Ian; go to the correct source; the local concrete and masonry supplier. Years ago I built a cruise terminal at Port Canaveral and the specs for the baggage area required a coating which would resist marking and be easily cleaned of forklift tire marks. Don't remember the brand but it was simply applied with a garden sprayer and the good thing is, it worked like a champ! Lasts almost forever!


----------



## Ian (Jan 16, 2003)

Thanks for the ideas, 
Will look into all that has been mentioned!
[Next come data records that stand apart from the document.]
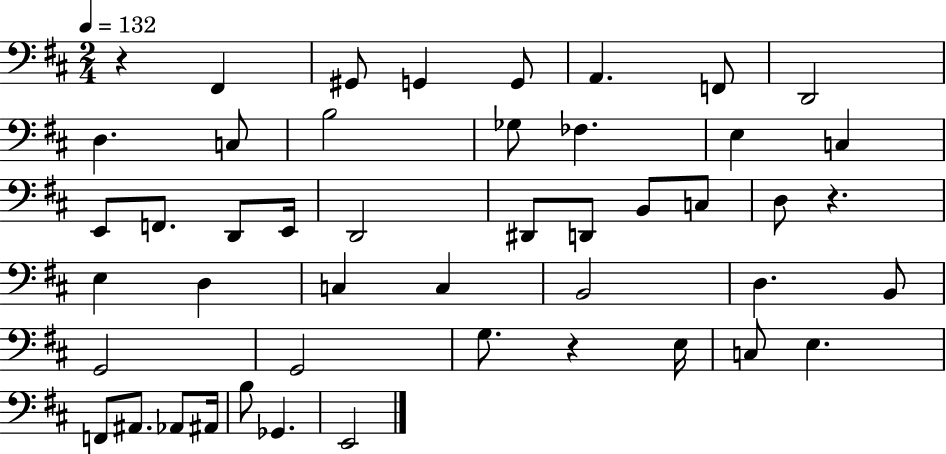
R/q F#2/q G#2/e G2/q G2/e A2/q. F2/e D2/h D3/q. C3/e B3/h Gb3/e FES3/q. E3/q C3/q E2/e F2/e. D2/e E2/s D2/h D#2/e D2/e B2/e C3/e D3/e R/q. E3/q D3/q C3/q C3/q B2/h D3/q. B2/e G2/h G2/h G3/e. R/q E3/s C3/e E3/q. F2/e A#2/e. Ab2/e A#2/s B3/e Gb2/q. E2/h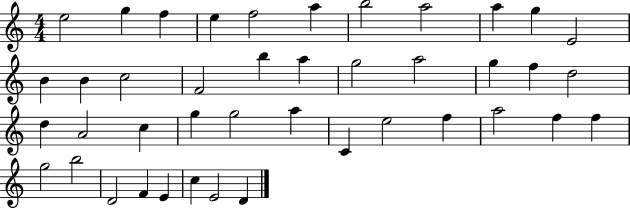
X:1
T:Untitled
M:4/4
L:1/4
K:C
e2 g f e f2 a b2 a2 a g E2 B B c2 F2 b a g2 a2 g f d2 d A2 c g g2 a C e2 f a2 f f g2 b2 D2 F E c E2 D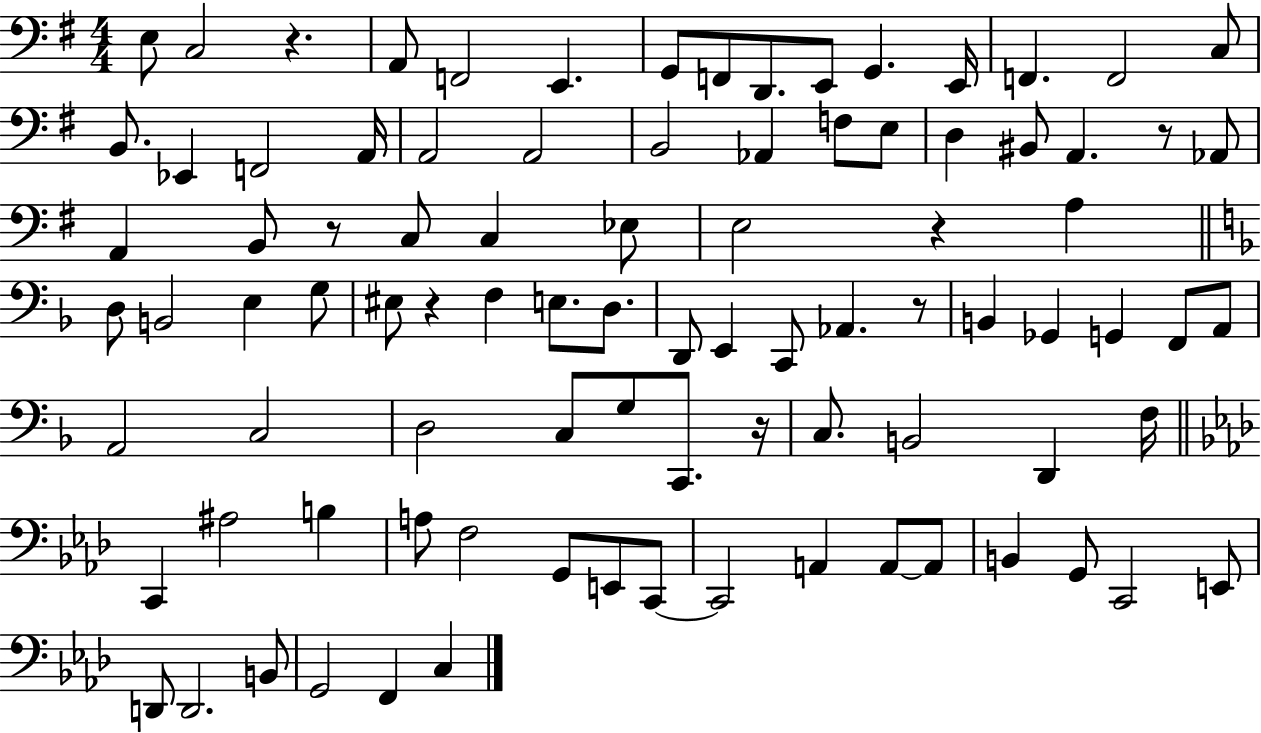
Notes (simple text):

E3/e C3/h R/q. A2/e F2/h E2/q. G2/e F2/e D2/e. E2/e G2/q. E2/s F2/q. F2/h C3/e B2/e. Eb2/q F2/h A2/s A2/h A2/h B2/h Ab2/q F3/e E3/e D3/q BIS2/e A2/q. R/e Ab2/e A2/q B2/e R/e C3/e C3/q Eb3/e E3/h R/q A3/q D3/e B2/h E3/q G3/e EIS3/e R/q F3/q E3/e. D3/e. D2/e E2/q C2/e Ab2/q. R/e B2/q Gb2/q G2/q F2/e A2/e A2/h C3/h D3/h C3/e G3/e C2/e. R/s C3/e. B2/h D2/q F3/s C2/q A#3/h B3/q A3/e F3/h G2/e E2/e C2/e C2/h A2/q A2/e A2/e B2/q G2/e C2/h E2/e D2/e D2/h. B2/e G2/h F2/q C3/q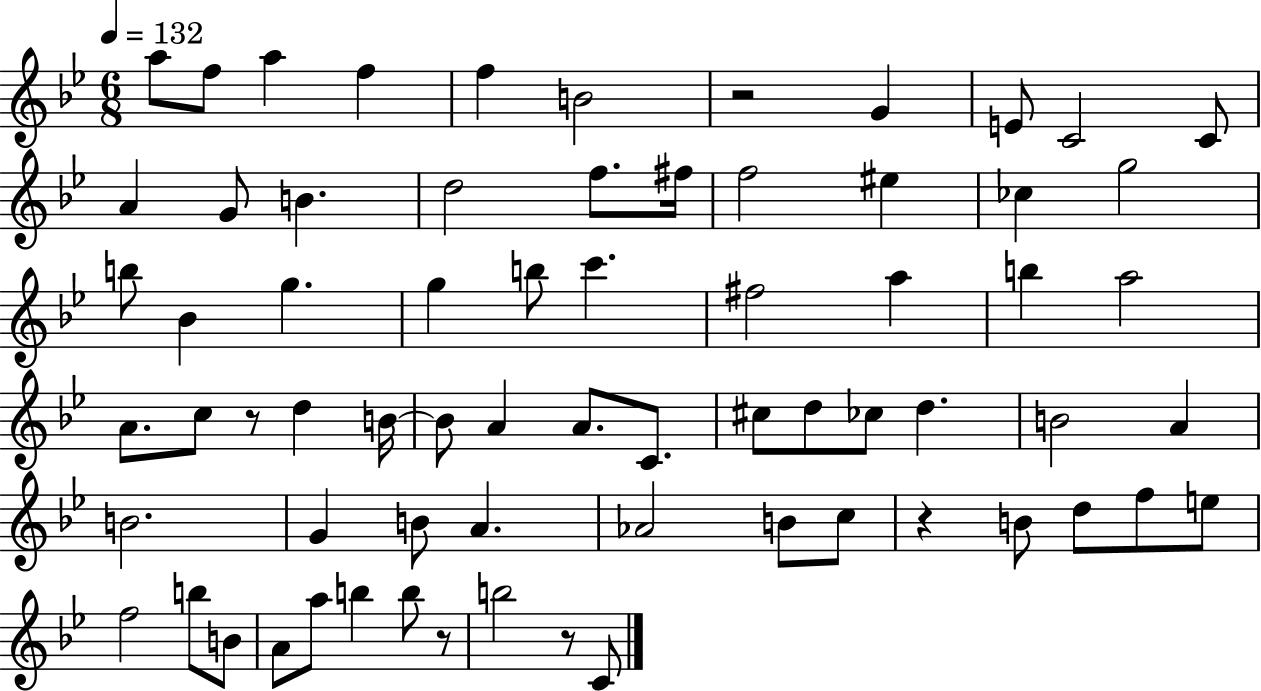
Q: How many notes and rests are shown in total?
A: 69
Is Dura Poxy something I can apply? looks like it might be what I want. Costly, yes, but it also mentions that it will fill holes and cracks.


----------



## Ian (Jan 16, 2003)

>>but it was simply applied with a garden sprayer and the good thing is, it worked like a champ! Lasts almost forever! 

How do you mean garden sprayer?


----------



## fish_stix (May 17, 2009)

A pump-up simple garden sprayer like you use to spray "chemicals" to kill bees!  The stuff came in a 55 gal drum and we just filled the sprayers from the drum, no mixing. Should be able to find 5 gal buckets.


----------



## beebze (Sep 24, 2007)

Further reading it sounds like there's no odor in the application of Dura Poxy. That would be nice. I'm putting in an extracting room and will definitely be looking into this product.


----------



## KQ6AR (May 13, 2008)

My neighbor had his garage floor coated, with an epoxy paint. Looks like Granite, & its a really nice floor.
Didn't ask him how much he paid.


----------



## davidsbees (Feb 22, 2010)

I'm having my 20' x 30' foot 30 year old extracting room floor resurfaced next week. I spent this week taking out the pumps, tanks and extracting equipment so the floor can be pressure washed, ground and eched. It's 1/4" thick with 6" coving @ the walls trowel finnish. It's a 2 part epoxy sand mix. It's about $5500 installed. I did a water based epoxy in my barrel room last winter, pressured washed, eched and $400 for paint, could not take forklift traffic did not last 3 months waste of time and money.


----------



## propet12 (Jun 17, 2009)

I use this and like it:

http://www.euclidchemical.com/product_detail.asp?id=55&pselect=222

I buy it in 5 gallon pails at commercial masonry supply outlet for concrete contractors. Lasts a long time indoors, outdoors on the driveway only about a year. Easy to keep clean . . . but don't spill gasoline on it because will take it right off. Smells really strong until it fully cures in a couple days. It dries enough to drive a vehicle on in one day when temps are in the 70s. Spray it on with garden sprayer or roll it on. I think I paid around $100/5 gal.


----------